I was amazed at how well the project came out. I have pics somewhere of the before and after. If you'd like to see let me know and I'll dig them out.

Yes, the filler will show unless it's tinted to match. 

Chuck


----------



## GeorgeC (Jul 30, 2008)

If you have some scrap wood you could try the wood filler on that and see just how noticeable it turns out. You may find that it is or is not acceptable.

G


----------



## scribbles (Mar 2, 2009)

I used to just use lacquer and sand between coats, But sanding sealer is so much easier, It powders beautifully, One whisper coat of sealer, and two wet coats, Let it dry for at least 3 hours(for lacquer) sand, and 3 coats of clear. You will be very happy.


----------



## Hhaines (Nov 26, 2008)

I make a lot of bowls, boxes and small stuff......routinely I use 3 thinned down coats of sanding sealer and sand between coats with 330 grit paper......then I spray several coats of lacquer without sanding between coats.......I thin the lacquer 50%.......Lacquer builds very well and adheres well with additional coats......I like high gloss for a highly polished finish......for small one of stuff it's hard to beat the spray lacquer at the hardware store......


----------



## Gerry KIERNAN (Apr 20, 2007)

Satin water based polyurethane is a very natural looking finish that doesn't yellow or tint the wood. For filling the minor imperfections you could try sanding some of the wood with fine sandpaper, collecting the dust, and mixing it with the polyurethane. It will still likely show up somewhat, but it shouldn't show too badly. Try a sample on the back side of one of your boards to see how it looks.
Thin your first coat of poly if you are going to sand between coats.

Gerry


----------



## cabinetman (Jul 5, 2007)

You asked several questions, so HERE is a short version of some choices.


----------



## Tony B (Jul 30, 2008)

*Woodfiller*



nolo said:


> .............I was wondering if the wood filler would be noticeable.

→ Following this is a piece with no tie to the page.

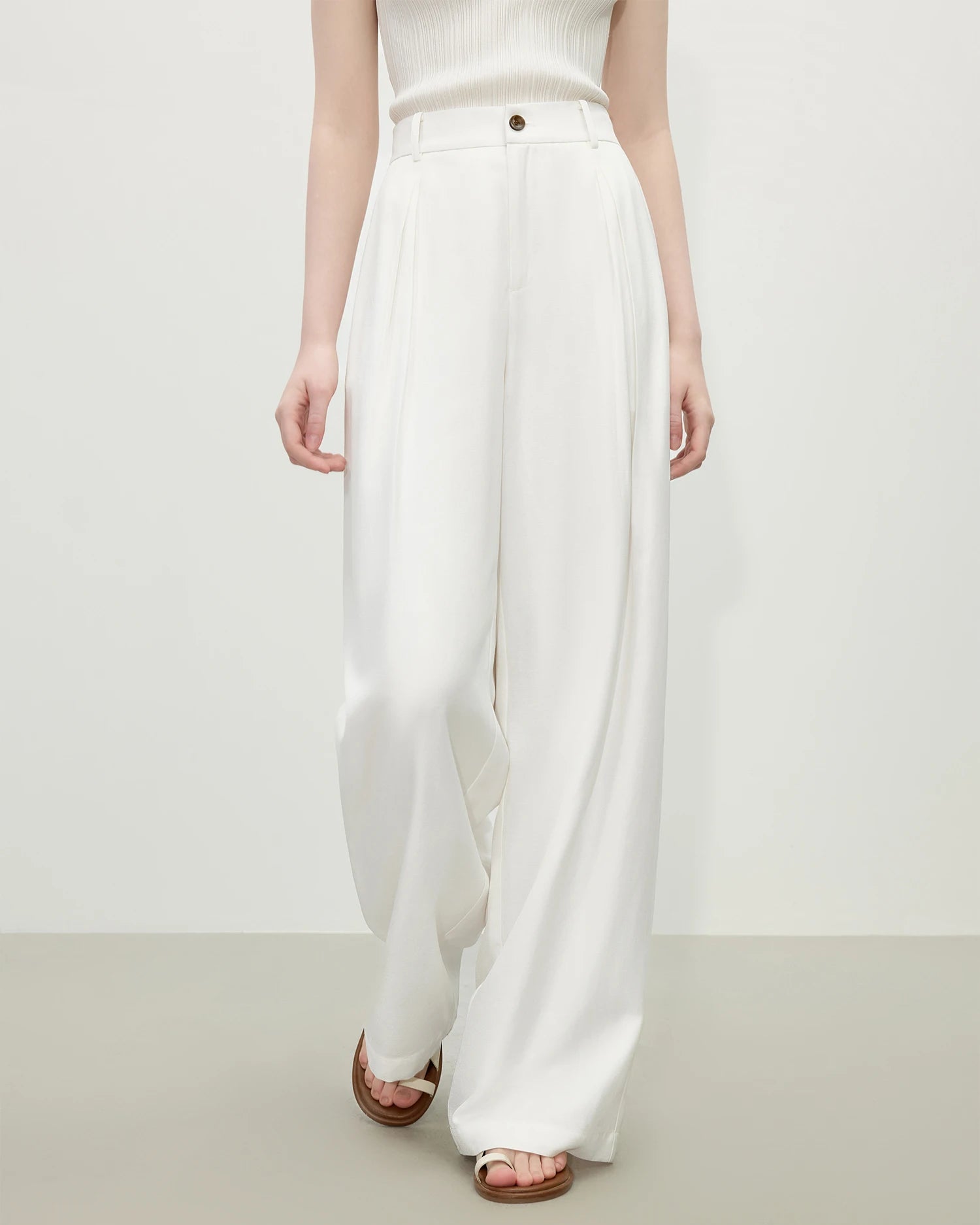 Women's Linen blend high-waist wide-leg pants featuring a full-length drape and slight stretch, crafted for breathable comfort and vintage elegance from boardroom meetings to weekend brunch in warm climates.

Wood filler will be noticeable. This can work for or against you. Its kinda like a joint - if you cant hide it, accent it. If you want to try to blend it in, the best way is to apply a light coat of your finish onto the wood. This will give you the final 'color' of the wood to be matched and then make your filler patch. Take a graining pen of the appropriate color and draw in some light grain lines. Then complete your finish coatings. 
The technique I would use is dependent on what I am trying to fill in.

My most used technique for small gaps was just posted by me on another post but here it is .... If the gaps are relatively small, I apply the thinnest CA glue (Cyano Acralate glue AKA super glue under brand names such as Hot Stuff, ZAP) into the crack. It will usually suck right in. The I sprinkle a small mound of sawdust over the crack and press it in with my index finger. and blow away the remainder. Then I hit it again with more CA glue and then more sawdust until the crack is filled while continually brushing or blowing away the excess dust. This will dry in just a few minutes and can then be sanded. If you use an "Accelerator" it will dry instantly.

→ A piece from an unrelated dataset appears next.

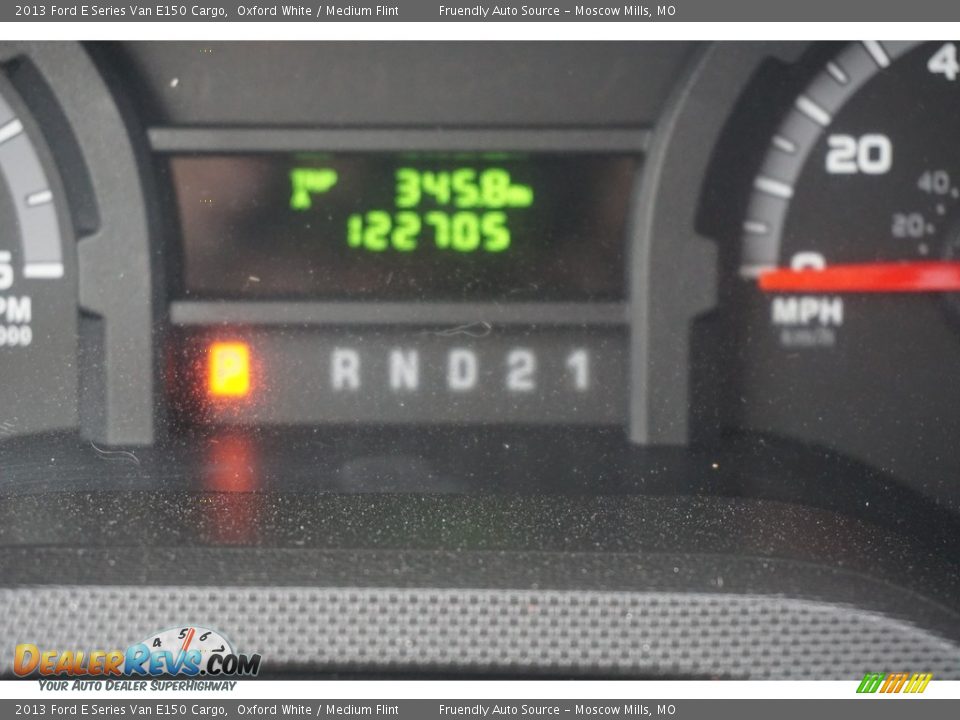 2013 Ford E Series Van E150 Cargo Oxford White / Medium Flint Photo #12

Any excess spilled CA glue should be immediately wiped up with a rag and lacquer thinner or acetone.

When you are finished the tip of your index finger will be coated with a hard crusted layer of glue and sawdust. You will slowly find yourself picking at it in about an hour or so and most will peel off. When you take a shower, it will all come off.

The CA glue and sawdust will dry slightly darker than the original sawdust which is desireable. Your eye will accept a darker line more than a lighter one and your repair will be virtually 'invisible'.

If I was filling in a bad knot hole or split , I would use epoxy with an appropriate dye for coloring.

__________________


----------